[Recorded data]
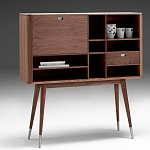 Дизайнерский комод-буфет на высоких ножках с выдвижными ящиками и открытыми полками Joshar варинант исполнения - 1 | Loft Concept в Костроме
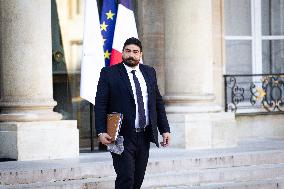 Council Of Ministers Of The French Government At The Elysée Palace, In Paris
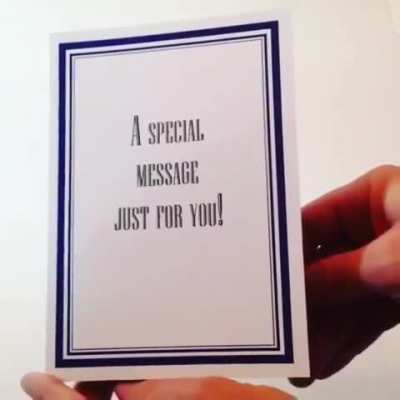 Pop-up card for our era!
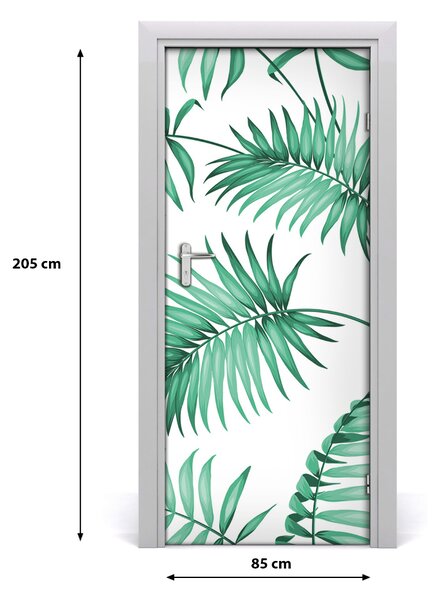 Samolepiace fototapety na dvere tropické lístia 85x205 cm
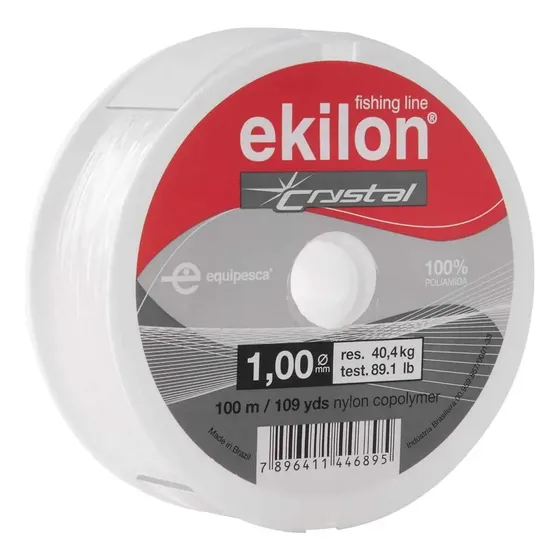 Linha De Nylon 1mm 100m Resistente Para Pesca Equipesca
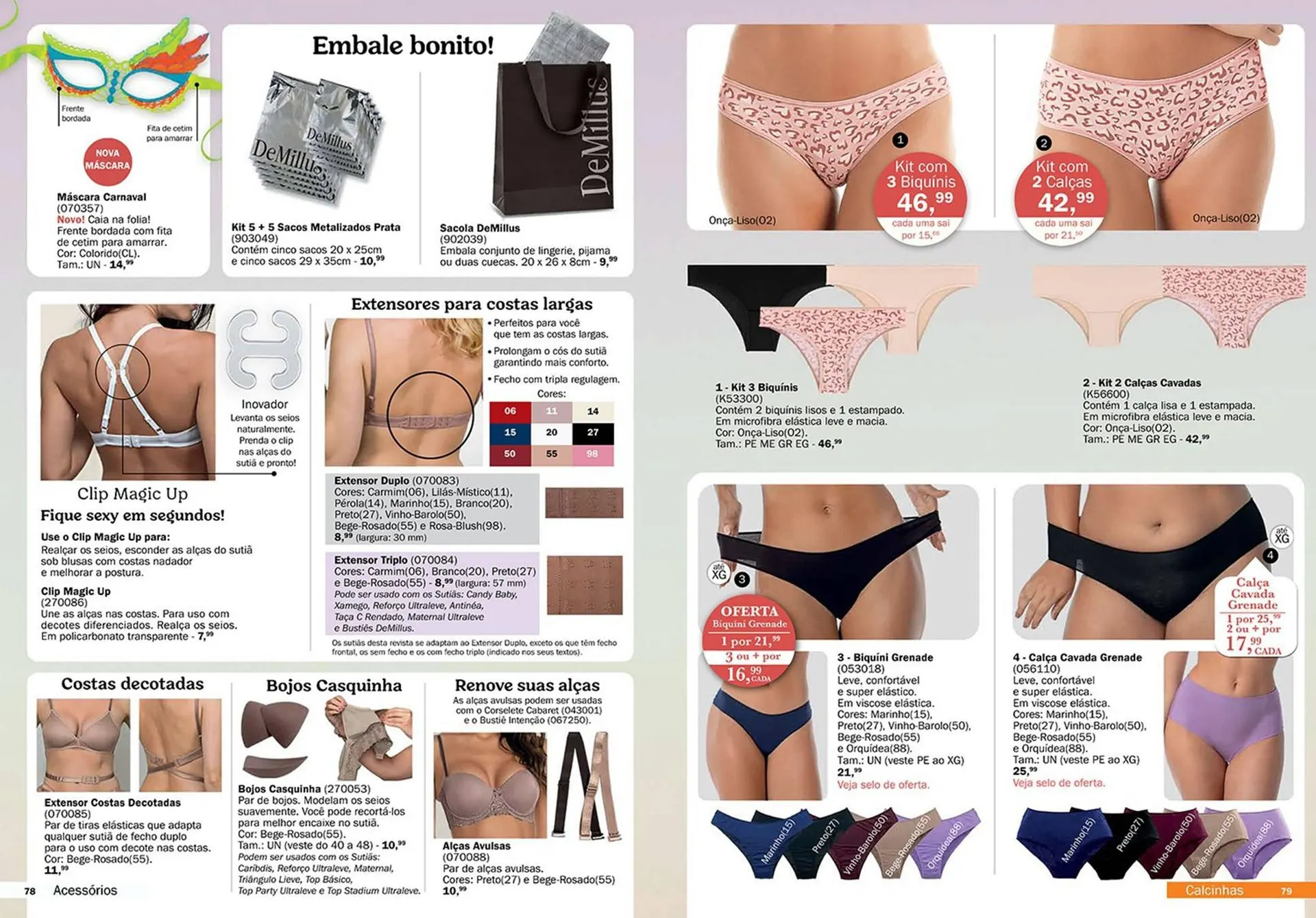 Encarte de Catálogo DeMillus 27 de novembro até 31 de janeiro 2024 - Pagina 33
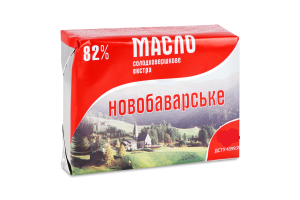 Масло солодковершкове екстра 82% ТМ Новобаварське 180г
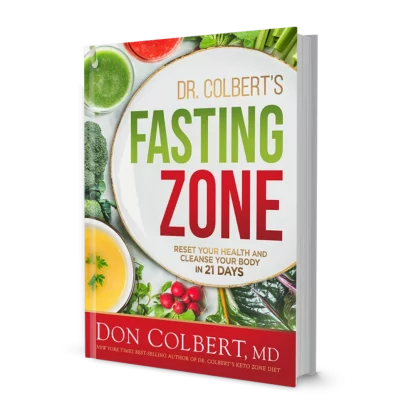 Divine Health Dr Colberts Fasting Zone Reset Your Health And Cleanse Your Body In 21 Days hardcover angle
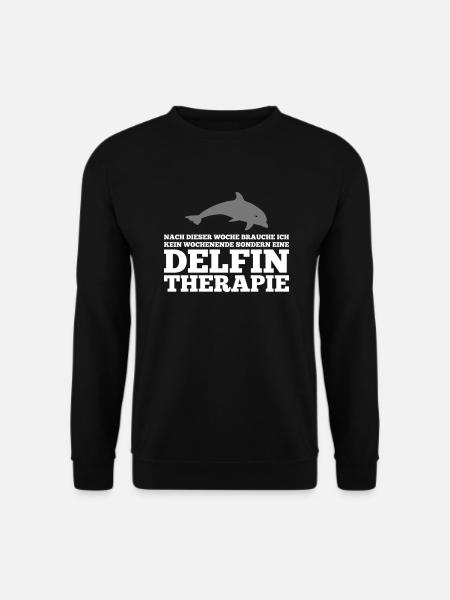 Ich brauche eine Delfintherapie - Unisex Pullover - Schwarz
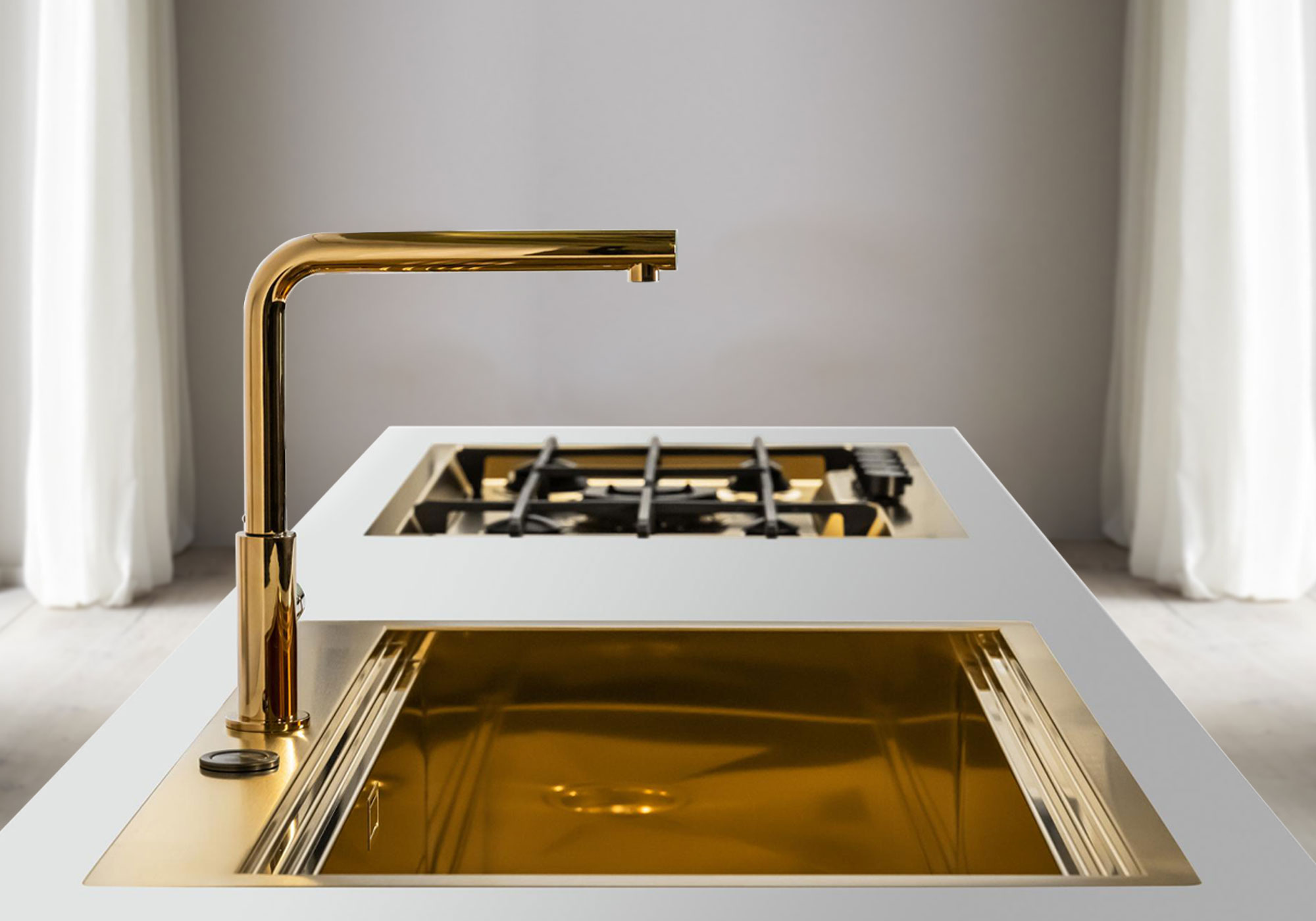 1034059 Мойка Milanello Gold workstation 1034 059 Fosterspa  - Вид №2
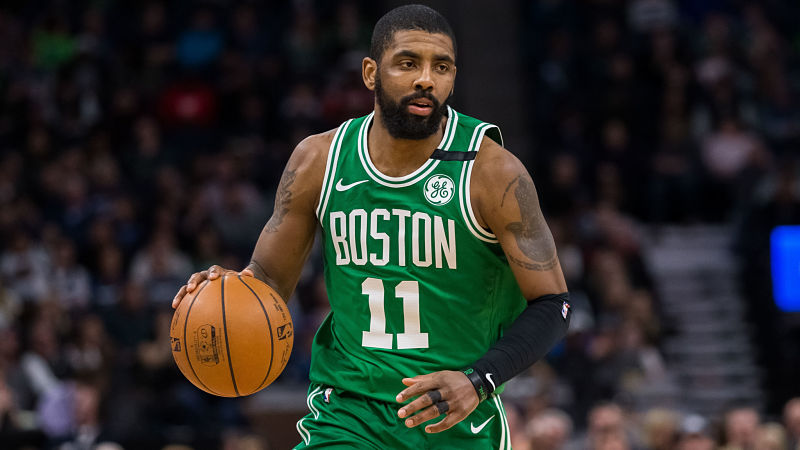 Boston Celtics point guard Kyrie Irving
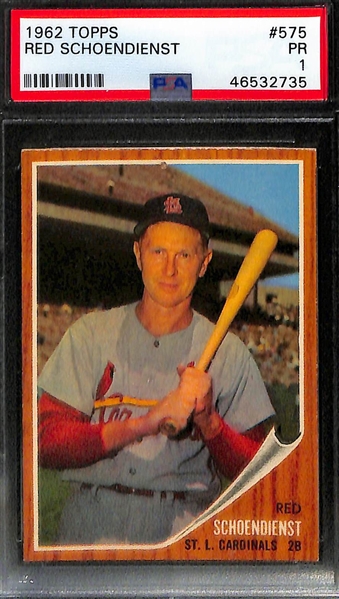 Lot of (4) 1962-1963 PSA Graded Topps Baseball Cards w. 1963 Harmon Killebrew PSA 6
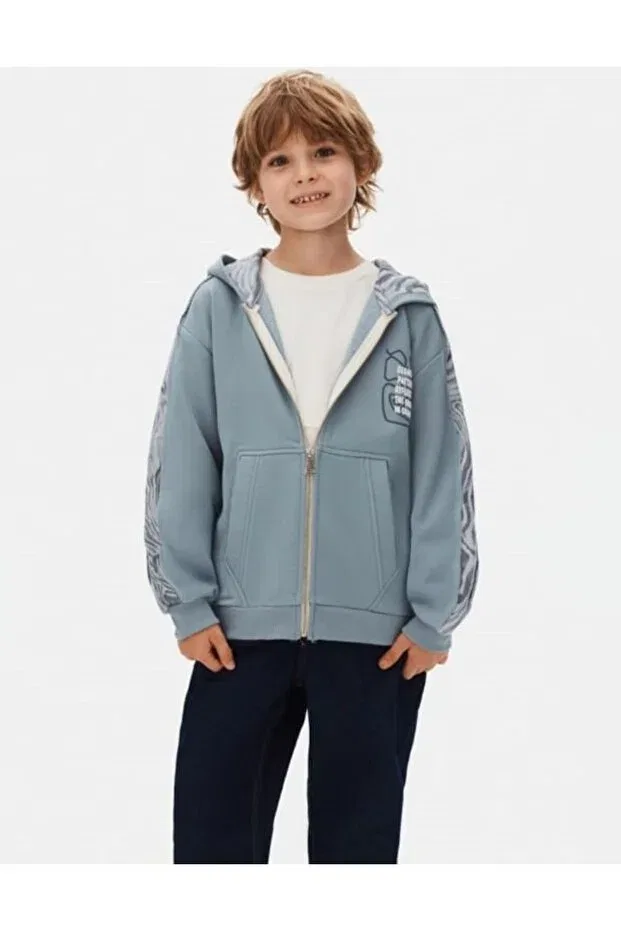 Мужской кардиган джинсовый с длинным рукавом Nk Kids, Blue — фото 3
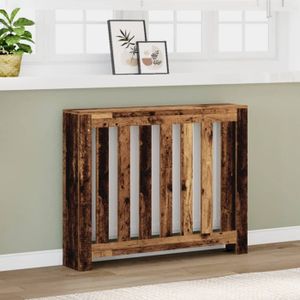 Cache Radiateur Moderne En Bois - Noir, Design à Lattes, Avec étagère Pratique - Dimensions 104x20x82 Cm, à Monter Soi-même - 4
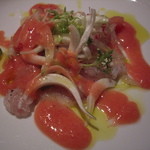 ビストロ・ラ・クッチーナ - 2009/2月：イサキのマリネ・トマトソース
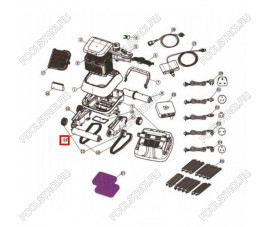 Сборная передняя цилиндрическая трубка для Aquaviva 7310 Black Pearl (71150)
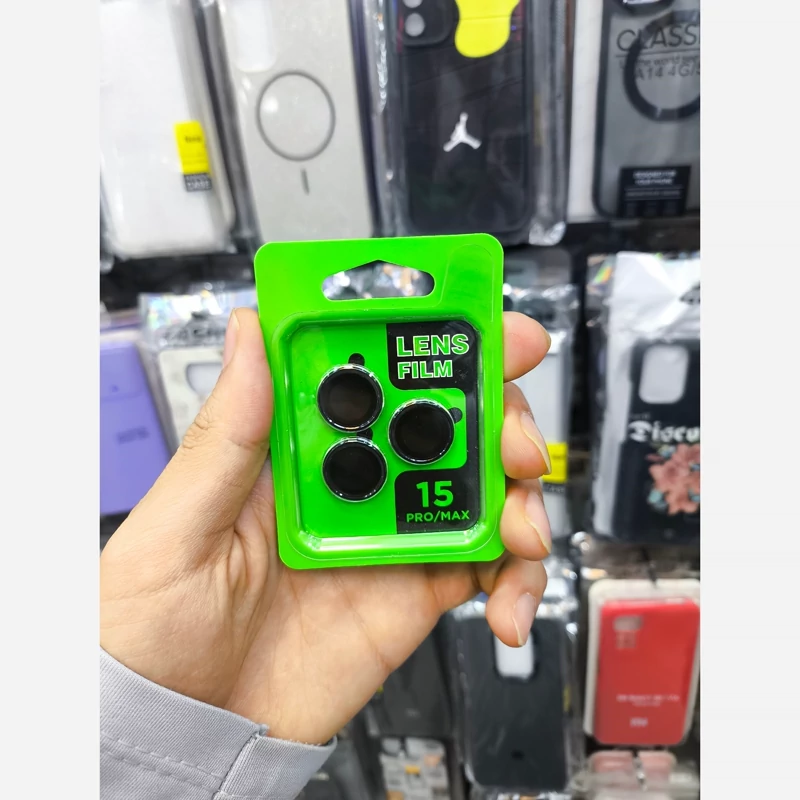 محافظ لنز دوربین رینگی مناسب برای گوشی موبایل آیفون iPhone 15pro max
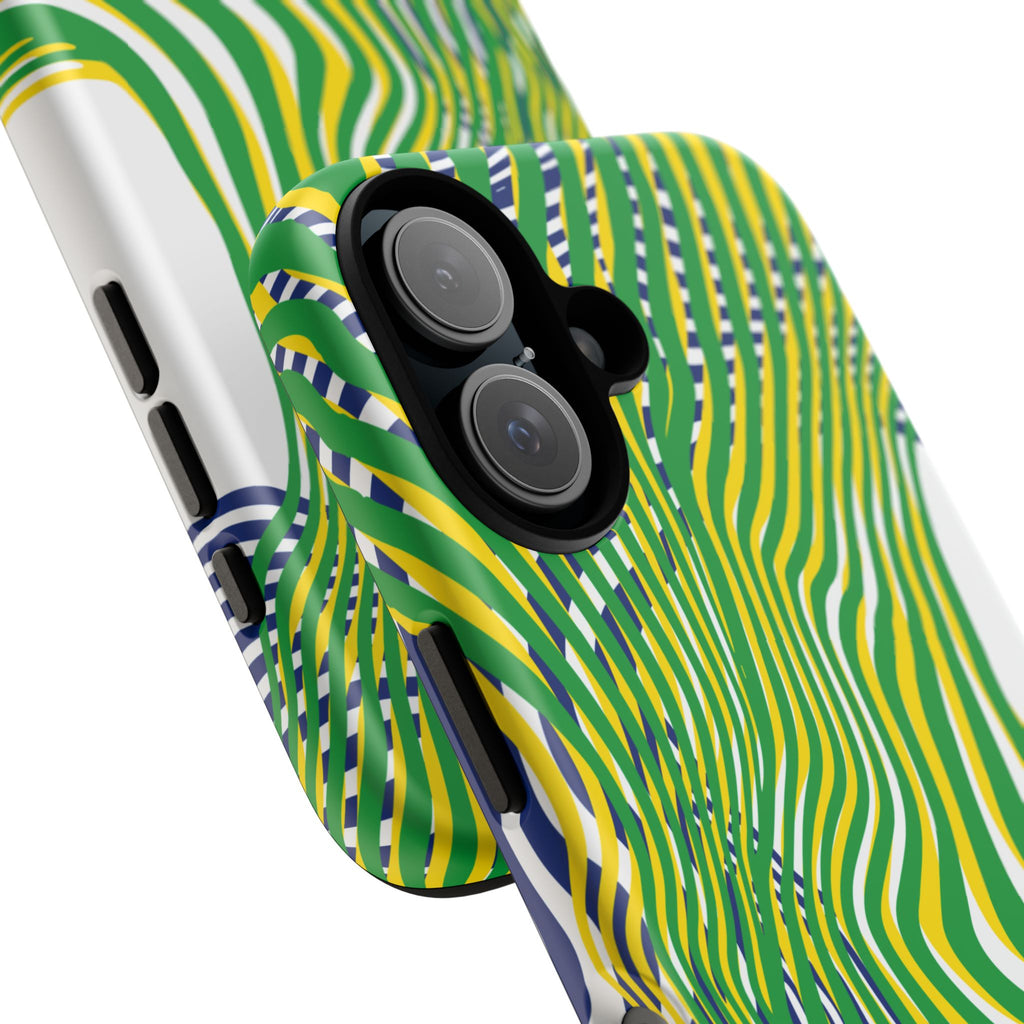 Abstract Green Wave Phone Case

> [What to do]:
With all pictures removed, reproduce the lines from the top of the entries above through the line containing "Linha De Nylon", exactly as written.

> [Result of the exercise]:
 Дизайнерский комод-буфет на высоких ножках с выдвижными ящиками и открытыми полками Joshar варинант исполнения - 1 | Loft Concept в Костроме
 Council Of Ministers Of The French Government At The Elysée Palace, In Paris
 Pop-up card for our era!
 Samolepiace fototapety na dvere tropické lístia 85x205 cm
 Linha De Nylon 1mm 100m Resistente Para Pesca Equipesca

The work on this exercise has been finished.